Anne Kitchen was born to Astrig and Loris Boloyan on Sept. 5, 1926, in France.
In living her formative years through the struggles of 1930s and ‘40s Europe, she gained an extraordinary will to overcome - and overcome she did. Along with her family, she braved the toils of war-torn Europe, and in 1951, immigrated with her family to the U.S.
She came to this country with nothing more than her Christian faith, her tradecraft and very few resources, and she ambitiously built a livelihood and family. Shortly after coming to the U.S., she married Raymond Kitchen and worked as a seamstress. Her only child, Yvonne, was born in 1957.
Even in the ‘50s, when motherhood meant staying at home for most women, she enthusiastically continued to work and took a clerical job at the Lawrence Berkeley National Lab, which was a great source of pride for her as a new American. She loved the lab and worked there for over 50 years, through its early years in Berkeley to its later expansion to Livermore.
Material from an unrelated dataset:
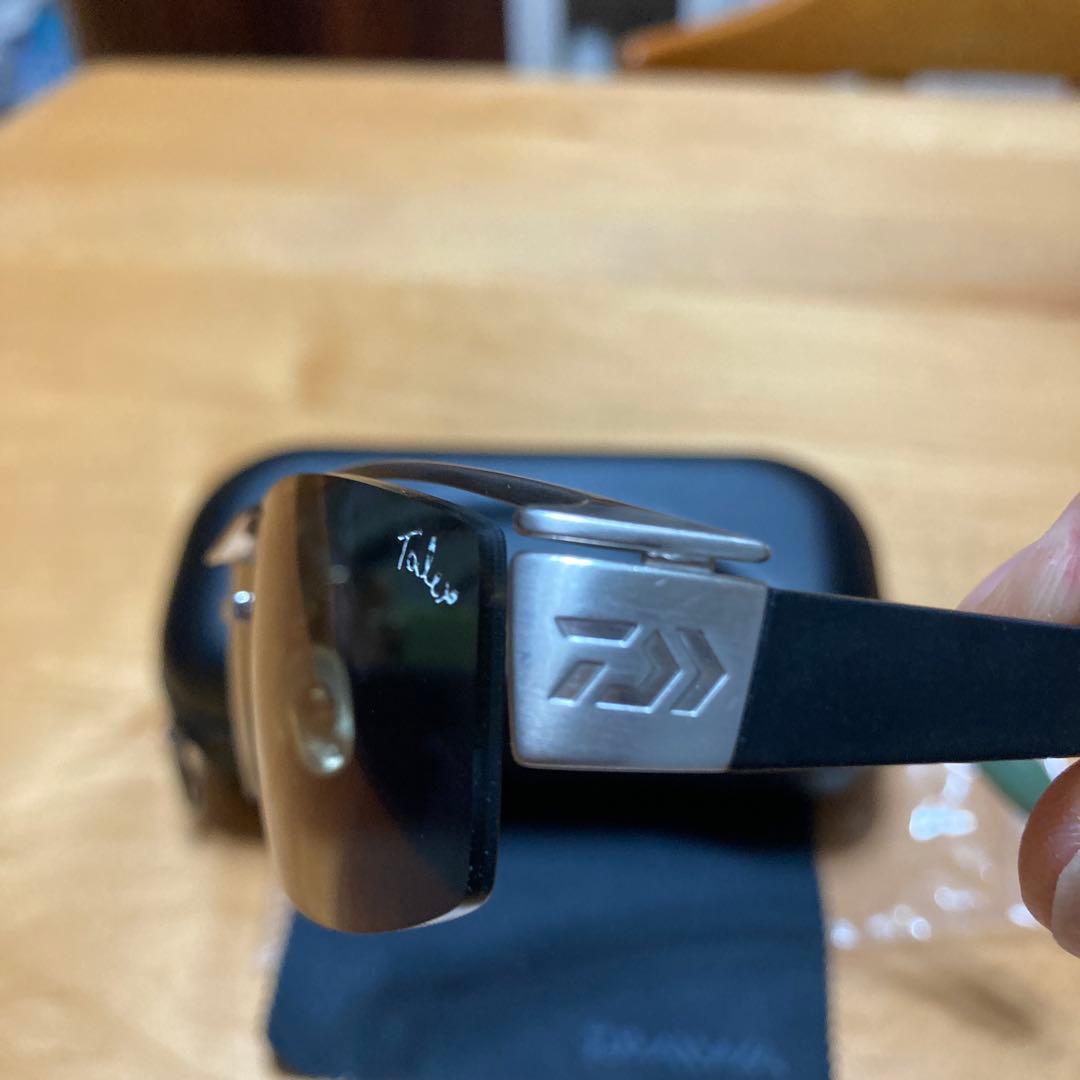 ダイワ　タレックス　サングラス 　トゥルービュースポーツ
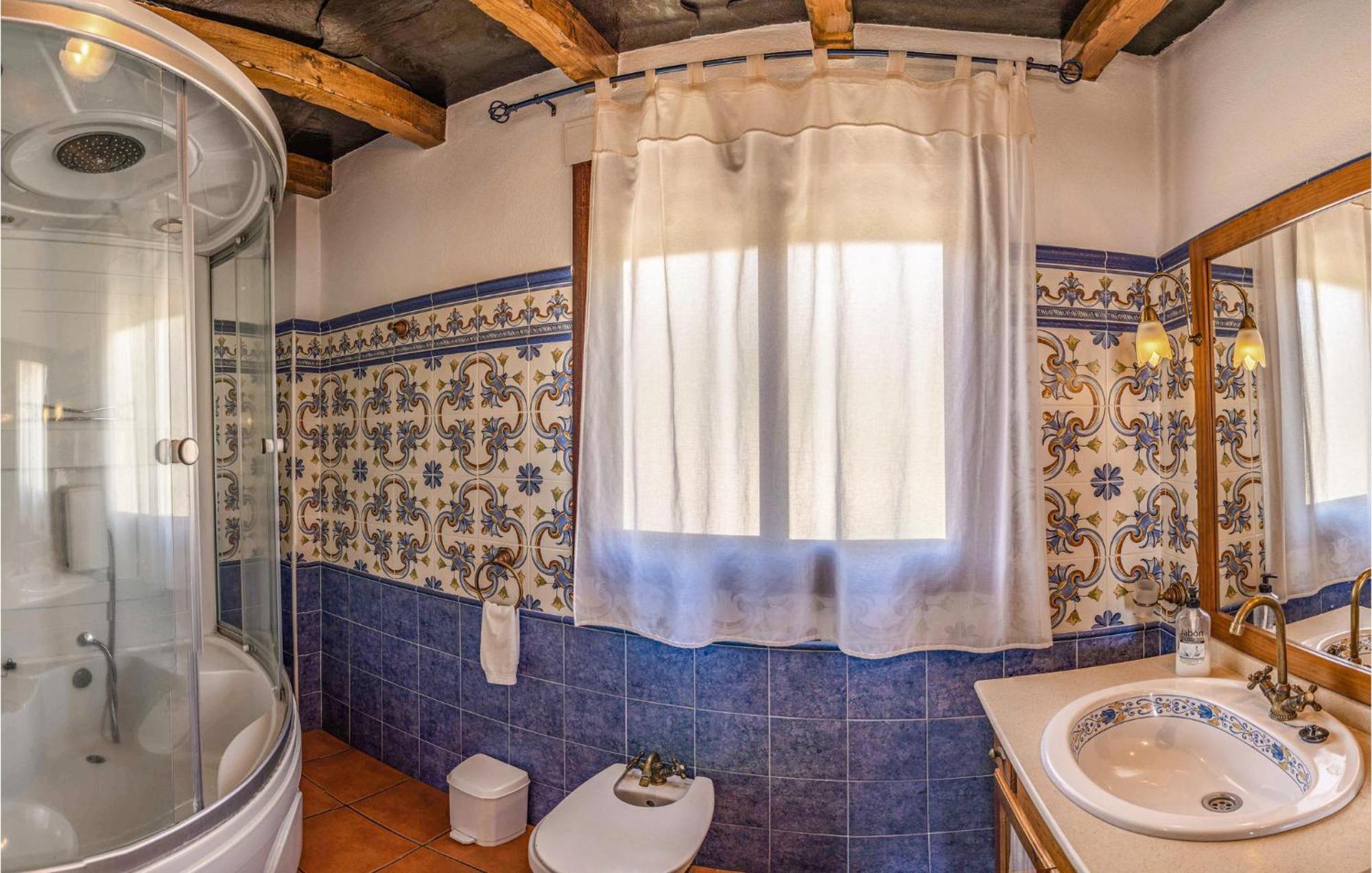 1 Bedroom Lovely Home In Mecina Bombarón Exteriér fotografie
At a time when most women were homemakers, she tirelessly worked as the primary provider for her family, and continued to provide for and be a beacon of love and affection to her grandchildren and great-grandchildren. Even into her 90s, when seeing her with her loved ones, it was clear that she never stopped being that ambitious young woman who endlessly loved and supported her family. She brought joy to her family and friends with her sense of humor and love of laughter.
She spoke five languages, loved to travel, and greatly enjoyed experiencing the world. She stayed young at heart, and when spending time with her, one could always see the young girl who learned how to laugh and enjoy life even amidst the chaos and strife of war. Anne Kitchen passed away peacefully in her sleep on Oct. 6th, 2020, but her extraordinary will to overcome, and the love she gave during her life, will continue on forever.